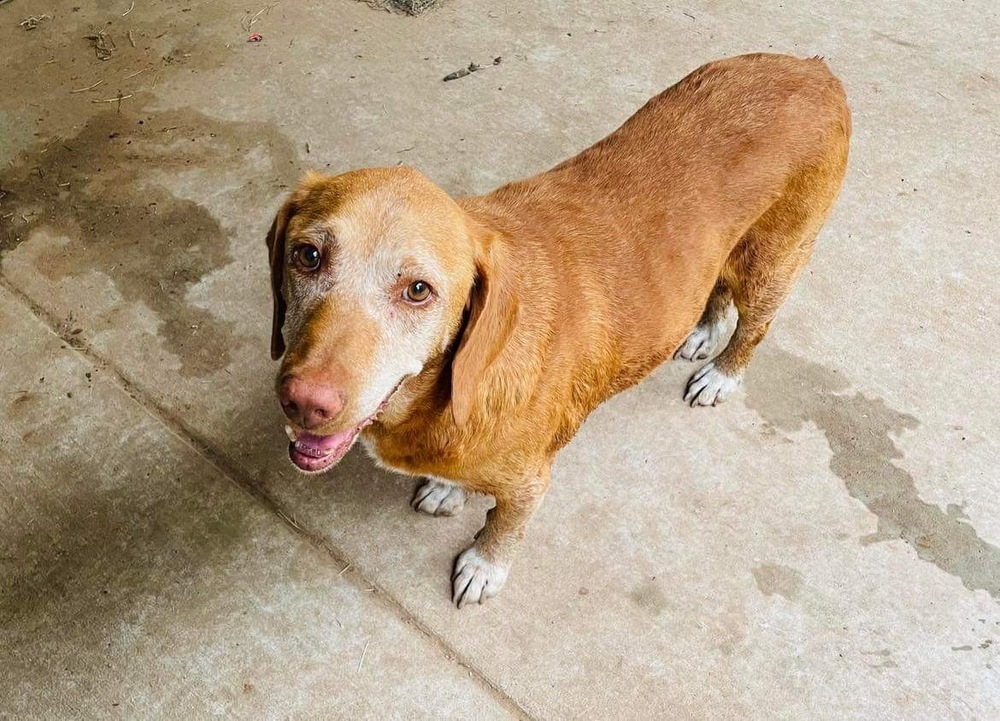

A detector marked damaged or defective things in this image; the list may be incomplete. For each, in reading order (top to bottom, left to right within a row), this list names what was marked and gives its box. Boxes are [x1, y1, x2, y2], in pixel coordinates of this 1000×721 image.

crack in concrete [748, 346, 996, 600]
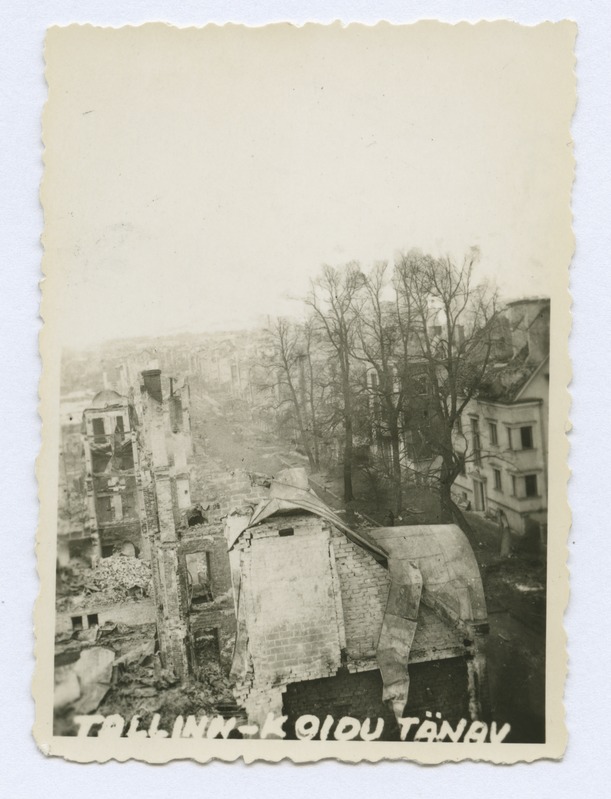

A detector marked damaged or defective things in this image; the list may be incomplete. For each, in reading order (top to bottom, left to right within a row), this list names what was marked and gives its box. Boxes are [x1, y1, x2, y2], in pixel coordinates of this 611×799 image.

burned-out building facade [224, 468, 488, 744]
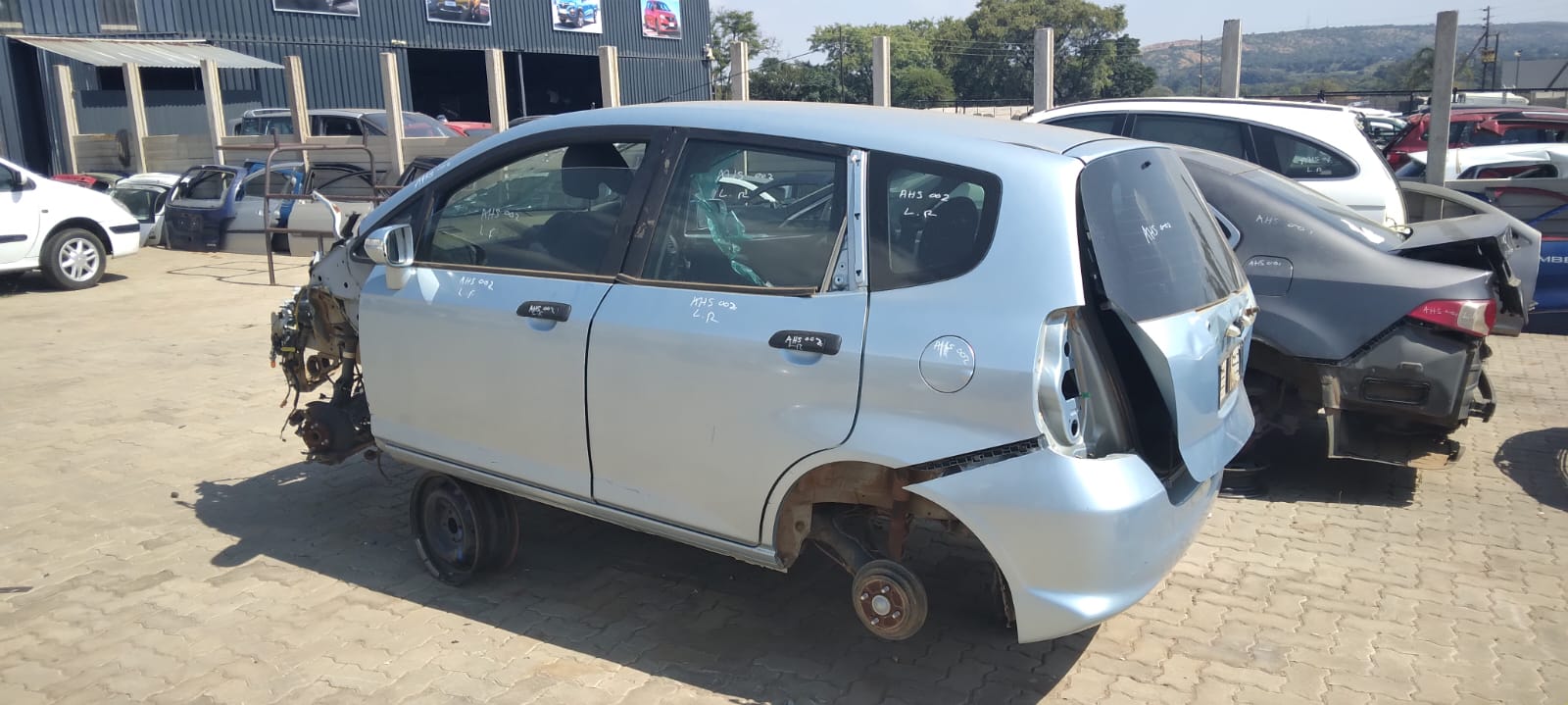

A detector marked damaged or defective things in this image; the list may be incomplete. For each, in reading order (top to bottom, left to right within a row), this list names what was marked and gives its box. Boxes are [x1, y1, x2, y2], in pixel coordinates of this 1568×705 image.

--*--

## REQUIRED WORK
An exact copy of the whole listing is required, minus the pictures.

## RESULT OF THE TASK
A detector marked damaged or defective things in this image; the list may be incomplete. For each, in reading order (top to bottom, left to right within a row), this list names what was marked and gives its box. Boxes are [x1, y1, x2, y2], in pixel coordinates of this 1000×721 image.

crack in concrete [748, 346, 996, 600]

A detector marked damaged or defective things in this image; the list may be incomplete. For each, in reading order (top to bottom, left to right within a row), this list names what was marked and gives its box. Boxes are [x1, y1, x2, y2], in pixel coordinates of this 611×799 image.

burned-out building facade [224, 468, 488, 744]

A detector marked damaged or defective things in this image; the list may be incomplete. For each, in reading order (top to bottom, left to right within a row), this list names what was marked and gives its box. Boxes are [x1, y1, x2, y2], in pixel coordinates of this 1568×705 image.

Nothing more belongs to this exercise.